On November 10, IMO, UNCTAD, IRENA, and the World Bank hosted a COP 27 side session to examine prospects for poor countries in the development of renewable fuel for the maritime sector as reported by Safety4Sea.

International shipping

Decarbonization of international shipping, according to IMO Secretary-General Kitack Lim, “needs a rapid shift from today’s overwhelming usage of fossil fuels to zero-carbon alternatives.”

In a similar vein, James Mnyupe, Namibia’s presidential economic adviser, said: “We need to prioritise the decarbonization of challenging industries like shipping.”

According to Diego Pardow, Chile’s Minister of Energy, Chile is another nation that is prepared to aid in the decarbonization of the maritime industry by supplying future fuels with its plentiful renewable energy.

Ambitions 

What is more, Brazil has a long history of producing biofuels (ethanol), with big ambitions to do more, said José Firmo, CEO, of Port of Açu, Brazil.

“Our ambitions have to be as big as the challenges. When the world is changing for all of us, we cannot stay doing the same things we used to do. This is a big challenge – but also a major opportunity”

According to Nicolas Peltier, the World Bank’s Global Transport Director, the World Bank is actively involved in studies and programmes to build green energy projects. These include green methanol and green ammonia, which are found in Morocco, Colombia, and Brazil, respectively, as well as hydrogen in Namibia.

The goal is to use the decarbonization of shipping as a boost for nations’ aspirations to become significant suppliers of green fuels.

Necessity for action

Additionally, the necessity for action means that the energy transition must be completed in a matter of decades, with the majority of investments in land-based infrastructure going toward decarbonizing shipping.
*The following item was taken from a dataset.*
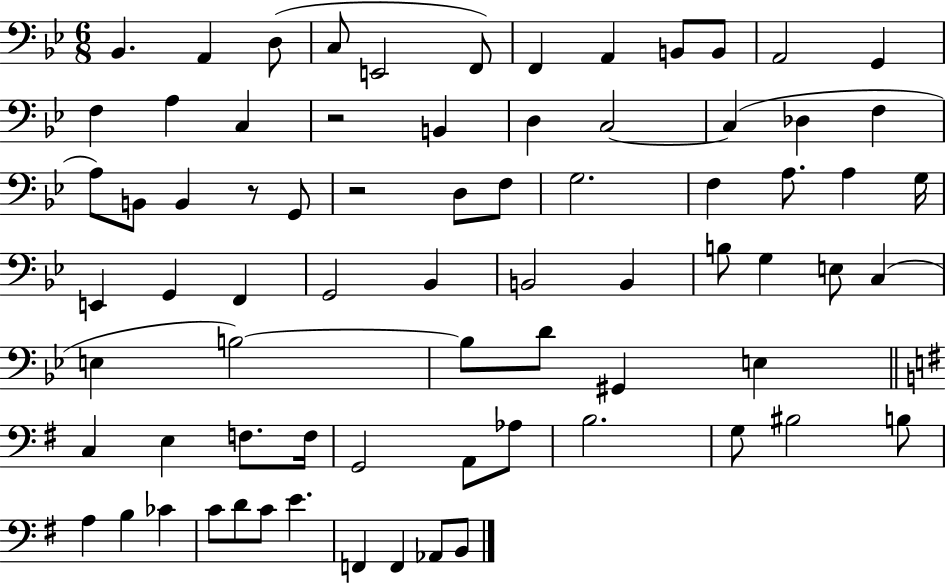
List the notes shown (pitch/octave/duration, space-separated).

In fact, Lynn Loo, CEO of the Global Centre for Maritime Decarbonisation (GCMD), Singapore, emphasised the necessity of addressing safety concerns with regard to fuels like ammonia and cited pilot studies that examined the lessons learned from pilots to illustrate bunkering of ammonia.
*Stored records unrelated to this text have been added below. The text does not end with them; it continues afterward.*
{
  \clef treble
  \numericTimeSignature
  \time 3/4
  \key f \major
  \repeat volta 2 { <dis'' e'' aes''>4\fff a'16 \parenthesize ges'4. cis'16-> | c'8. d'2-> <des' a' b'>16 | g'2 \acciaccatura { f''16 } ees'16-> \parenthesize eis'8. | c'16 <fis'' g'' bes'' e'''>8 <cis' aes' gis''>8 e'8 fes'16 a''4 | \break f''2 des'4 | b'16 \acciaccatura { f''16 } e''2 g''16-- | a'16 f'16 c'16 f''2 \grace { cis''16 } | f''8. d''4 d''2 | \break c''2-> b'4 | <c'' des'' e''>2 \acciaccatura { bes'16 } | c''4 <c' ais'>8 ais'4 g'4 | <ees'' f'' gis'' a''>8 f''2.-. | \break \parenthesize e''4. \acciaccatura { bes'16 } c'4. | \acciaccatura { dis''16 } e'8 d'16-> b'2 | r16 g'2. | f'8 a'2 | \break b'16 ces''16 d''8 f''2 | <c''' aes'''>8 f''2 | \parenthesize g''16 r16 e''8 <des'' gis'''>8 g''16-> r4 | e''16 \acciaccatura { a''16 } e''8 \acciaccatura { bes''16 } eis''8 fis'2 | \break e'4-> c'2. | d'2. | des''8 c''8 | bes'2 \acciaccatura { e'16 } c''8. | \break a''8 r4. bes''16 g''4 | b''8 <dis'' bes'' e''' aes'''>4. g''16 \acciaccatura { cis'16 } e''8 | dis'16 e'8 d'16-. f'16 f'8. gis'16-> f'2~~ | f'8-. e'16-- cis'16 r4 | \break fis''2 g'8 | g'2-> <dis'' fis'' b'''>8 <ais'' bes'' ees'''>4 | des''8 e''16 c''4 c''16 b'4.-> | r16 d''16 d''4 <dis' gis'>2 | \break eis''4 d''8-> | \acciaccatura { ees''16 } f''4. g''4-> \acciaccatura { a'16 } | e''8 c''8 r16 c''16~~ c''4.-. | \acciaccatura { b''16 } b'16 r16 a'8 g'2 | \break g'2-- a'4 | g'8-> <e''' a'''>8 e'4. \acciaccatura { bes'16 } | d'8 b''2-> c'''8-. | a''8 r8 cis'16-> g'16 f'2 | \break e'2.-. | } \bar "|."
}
“We are at a critical time for energy policy and energy politics. The future hinges on investing in non-fossil fuels. This is a great opportunity for developing countries with solar, wind, thermal, hydro or biomass energy. Innovative financing mechanisms will be needed”

said Ms Rebeca Grynspan, Secretary-General, UNCTAD.

Shipping transition

Finally, all speakers emphasized the need for collaboration and cooperation to achieve the shipping transition. Secretary-General Lim highlighted the wide range of projects and a knowledge partnership mechanism that brings together IMO’s maritime expertise and an unrivalled global network, with partners providing experience, investment and financial expertise, other resources and in-kind support.

“Collaboration and partnerships will help us in finding solutions to the issues we face today and IMO, as the leading global forum to regulate international shipping, will continue to support the decarbonization journey and promote a just and equitable transition to zero-carbon shipping, leaving no one behind”

Mr Lim concluded.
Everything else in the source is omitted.